Behind the Mahon house, but still on its property, was another even older house. Our neighbour Daisy Harknett said it was the oldest house in Saanich. Her son Carl rented it for a time, with his wife and young child. Occasionally I babysat for them, walking down the rough lane behind Bill’s grand house to the shabby wooden building behind while Winnie barked from the window. It was a little scary to be in the house, alone, or at least the only one awake, while a small child slept upstairs and the trees creaked outside in the wind. Walking back to my house past midnight was like walking into another century, the one I knew.

805Mann-behind

 These photographs came from an online archive and show the houses at the turn of the 20th century. In the past I’ve asked archivists for information on the street where I lived as a teenager. Specifically I had questions about two houses which I thought had historical value – this was long after the Mahon houses had been torn down and tract houses erected in their lost orchard – but one archivist insisted the road hadn’t existed prior to the 1950s so the houses I was remembering as “old” couldn’t possibly have existed either. Yet my mother learned things from the Ferrie sisters who’d lived on the corner of Glanford and Vanalman. That they’d attended dances with other farm families from the area before WW2 and that they’d walked to dances at the Community Hall on West Saanich Road, built by the Quicks. They wore their rubber boots and carried their dancing shoes in a bag along the dark road to the bright hall and sometimes they took a shortcut through the Mahon’s orchard. Neither of them married but my mother said they had been beauties. I wish I’d paid more attention. My mother had a rose rooted for her by the older of the Ferrie sisters, a bright pink climber, and I wish I’d dug it up when my parents sold their house.
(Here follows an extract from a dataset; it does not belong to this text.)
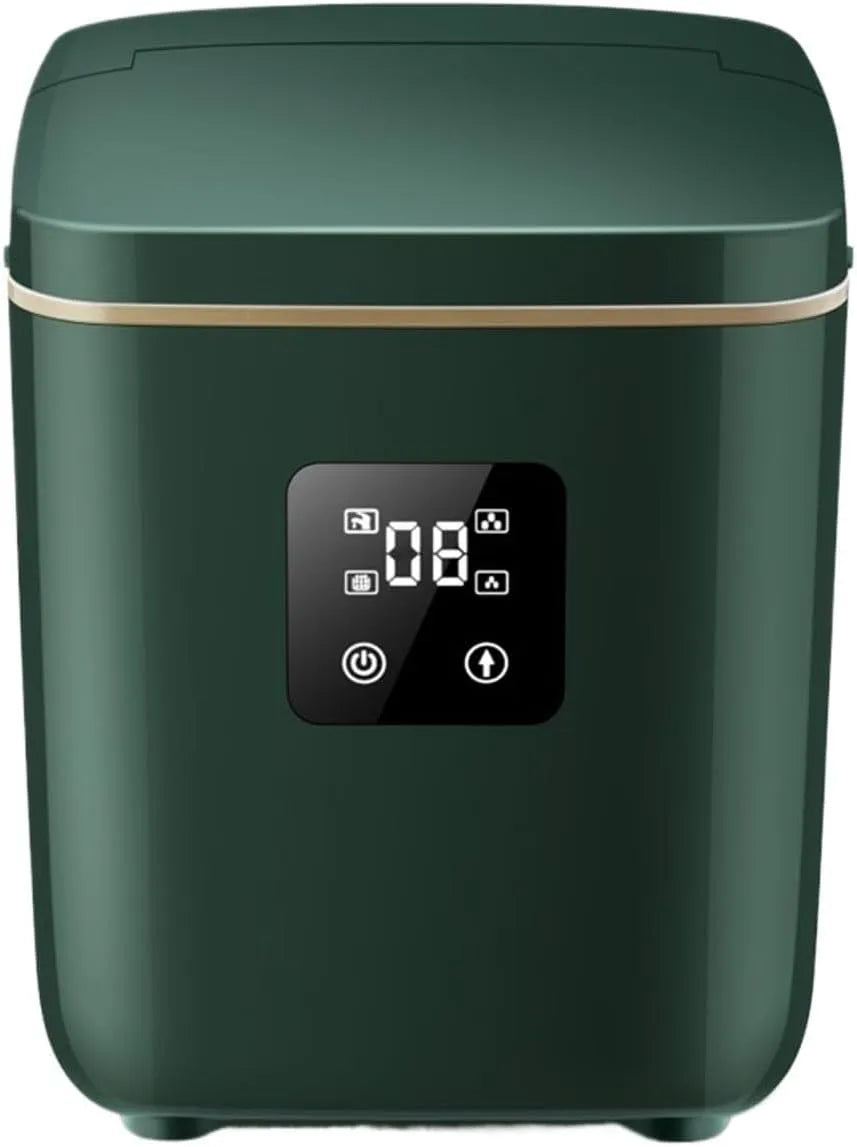 Prodotto Macchina for il ghiaccio portatile da banco, Fabbricatore di ghiaccio Macchina for il ghiaccio da banco, produce 22-33 libbre al giorno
Everyone I knew on that street is gone now. My parents. Bill Mahon. The Footners – Mr. and Mrs. and their grown daughter Molly. Daisy Harknett, who grew wonderful pears and who gave me cuttings from her New Dawn rose, telling me her mother had always said that you needed some old wood and new wood to make a cutting take. Mine took, both of them, and I have large tangly New Dawn roses to thank her for all these years later.The neighbours on the other side died too and I was visiting my parents when the husband passed away. From my open window I heard his grown children cry as they stood in the back yard and planned what to do next.